The iPod lines haven’t received substantive updates in almost three years now. (The shuffle hasn’t really changed in almost five years.) None of that’s surprising, given the iPod’s diminishing role in Apple’s product lineup; as was pointed out last week by unofficial Apple homepage tabs historian James Dempsey, “iPod” has been banished from the navigation bar on the company’s site, subsumed into “Music,” along with “iTunes.”
Despite that, the chance of a major revamp seems slim—especially if Apple really does intend to roll new iPods out on a random Tuesday in July. The iPods used to anchor their own event, but it’s been a long time since that’s been the case. And given the number of things that Apple still has on its docket—new iPhones, new iPads, a new Apple TV, a possible Apple TV service—it wouldn’t be a huge shock if the company decided to give the iPod lineup a little bump before getting to its real business, to avoid overcrowding an already busy fall slate.
For the nano, Apple is apparently satisfied with its role as a little ersatz iOS device. I wouldn’t be surprised to see a little interface redesign to bring it more in line with the rest of Apple’s aesthetic, but other than that I suspect it’ll remain unchanged. Apple might drop the price to $100, but I doubt it needs to bolster sales at the expense of margins.

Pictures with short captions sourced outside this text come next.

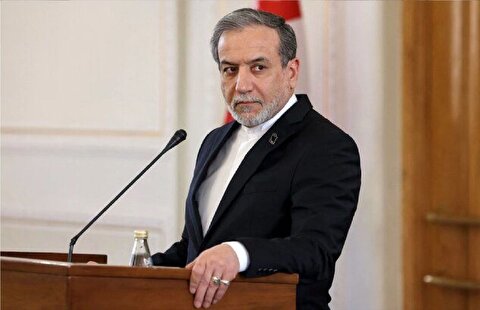 شرکت عراقچی در نشست فوق‌العاده سازمان همکاری اسلامی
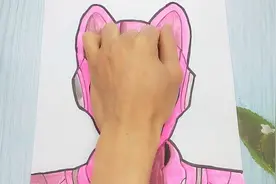 用手掌放在一张普通纸手绘迷你特工队露西，简单又帅气的手势画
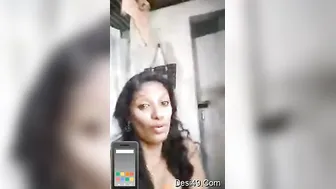 Cute Desi Girl Exposing Her Boobs Live During Our Video Chat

The iPod touch seems like it needs a little more love; it’s still trapped in the iPhone 5 era, with a 4-inch screen and an A5 processor. The latter at least seems like it deserves a bump, especially with iOS 9 in the offing. But the iPod touch continues to fill a weird niche—I primarily hear of it serving one of two purposes: 1) developers who want a test device (increasingly less relevant as it’s increasingly distanced from the iPhone) and 2) parents who want to give their kid an iOS device when they’re not ready for a phone (though I think the iPad line may be gobbling up a large chunk of that demographic).
But I think Apple is happy enough to continue with the iPod lines for the moment, and they seem like they’re due for a refresh. So keep your eyes peeled.